We all know how difficult it could be getting up in the morning sometimes – how to wake yourself up when you’re so exhausted?
If you’ve had a long week, or been unable to catch some quality shut-eye for a while, it could be downright frustrating. Or maybe you’re the “sleepyhead” who just can’t seem to get enough sleep no matter how many hours you’ve been snoozing.
In any case, the most difficult thing could be moving an inch away from your bed in the morning. We’ve all experienced this at some point and we know how you feel!
But we also know you’ve got to do some rise and shine – just because it’s a new week and you’ve got some adulting to do.
Maybe it doesn’t have to. Fortunately, we’ve got a few tips on how to wake yourself up faster and start your day on a bright note!
Tip #1 – Bask in the Sunlight
With most of us being sleep deprived (anything less than 7 hours of might time shut-eye is Sleep deprivation, by the way) in the 21st century, it’s hard to not reach for some Coffee to help you stay awake.
Before you start your workday, the first thing you’ll want to do to wake yourself up properly is to let all that morning glory in!
Science tells us that the sun is primarily responsible for regulating our sleep/wake cycles (also called Circadian rhythms).
When the sun rises in the morning, the light sends signals to the brain telling it that it’s time to wake up.
Your body produces less of the hormone Melatonin (the sleep hormone) when the day is bright and more at night, which causes you to feel drowsy then.
Did you know? Brief exposure to early morning sunlight produces more Vitamin K in the body which can help prevent certain cancers and lower your risk of getting Type 1 Diabetes.
How to: Allow up to 30 seconds of quality sunlight to hit your face. That should be enough to wake you up fully.
If you use curtains or blinds, pull them open to allow sunlight into your workspace.
At the office: Consider utilizing more natural light by switching off a few light bulbs if you don’t share your space with someone else.
Tip #2 – Chat with a Stranger
This is a great idea for people that commute using public transport.
Talking with someone keeps your mind active and helps to keep boredom from the commute in check.
You might be thinking to yourself:
Sounds good, but what do I even talk about?
You could talk about anything at all – from complimenting that lady on how great her hair looks, your love for books, or even something you watched recently in the news etc.

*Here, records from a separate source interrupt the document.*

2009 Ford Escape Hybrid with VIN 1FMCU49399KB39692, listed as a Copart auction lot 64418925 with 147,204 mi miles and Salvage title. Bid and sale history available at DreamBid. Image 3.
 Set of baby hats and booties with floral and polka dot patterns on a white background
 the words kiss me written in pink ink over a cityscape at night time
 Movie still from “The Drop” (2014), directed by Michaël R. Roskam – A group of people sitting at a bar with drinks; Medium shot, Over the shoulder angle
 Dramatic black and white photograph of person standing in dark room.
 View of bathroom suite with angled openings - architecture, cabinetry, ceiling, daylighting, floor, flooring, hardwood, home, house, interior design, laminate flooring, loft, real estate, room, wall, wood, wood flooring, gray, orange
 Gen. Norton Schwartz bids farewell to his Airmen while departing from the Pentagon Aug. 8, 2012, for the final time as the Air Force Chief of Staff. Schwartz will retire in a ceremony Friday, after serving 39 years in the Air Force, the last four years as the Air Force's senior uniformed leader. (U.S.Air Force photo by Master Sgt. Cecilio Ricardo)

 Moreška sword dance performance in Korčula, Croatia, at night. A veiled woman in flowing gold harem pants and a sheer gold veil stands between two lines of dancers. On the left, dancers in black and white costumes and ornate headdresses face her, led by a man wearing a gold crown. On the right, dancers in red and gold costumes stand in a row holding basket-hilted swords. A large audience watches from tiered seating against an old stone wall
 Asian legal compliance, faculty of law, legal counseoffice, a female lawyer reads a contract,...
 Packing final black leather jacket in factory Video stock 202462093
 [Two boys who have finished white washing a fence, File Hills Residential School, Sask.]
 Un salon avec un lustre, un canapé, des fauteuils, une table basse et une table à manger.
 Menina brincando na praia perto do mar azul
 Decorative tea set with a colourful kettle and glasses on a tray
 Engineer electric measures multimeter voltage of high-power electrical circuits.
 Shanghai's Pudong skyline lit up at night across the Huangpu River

Anything to keep your mind stimulated is fine, really.
How to: Find a person that’s willing to talk, someone who’s genuinely interested in what you have to say.
In no time, you’ll be at the office with your eyes wide open, ready to take on the day’s challenges!
Try to keep the conversation a dialogue. Don’t just listen to the person talk, or you might start nodding in a couple of minutes.
Tip #3 – Chew Gum
Chewing can help to overcome daytime sleepiness according to a study published in the U.S National Centre for Biotechnology Information (NCBI).
Chewing gum keeps your mouth busy, providing enough stimulation to your brain to keep you awake.
Despite helping you wake yourself up, minty flavored ones are particularly good because they contain menthol which could give you a fresher breath in the mornings.
So the next time you find yourself snoozing when you get to work, pop open a pack!
Tip #4 – Avoid Alcohol before Bedtime
Okay, this one is a no-brainer. By all means, have fun with the girls, but try to avoid those cocktails that make you dizzy before bedtime and grumpy in the mornings!
Alcohol causes hangovers as you already know, and you don’t want to be snoozing through the workday even when you manage to kick yourself out of bed!
Training yourself on how to wake yourself up early each day can be tough if you’re not really a “morning person.” However, your body can get used to literally anything, if you do it long enough!
Stick with the above tips, and you should find waking up more bearable while your body adjusts to its new timetable. Check out how to fall asleep in 10 seconds to start building a consistent sleep routine. Once you master it, you’ll be able to start your day earlier so you could make the best of your most productive hours: Mornings!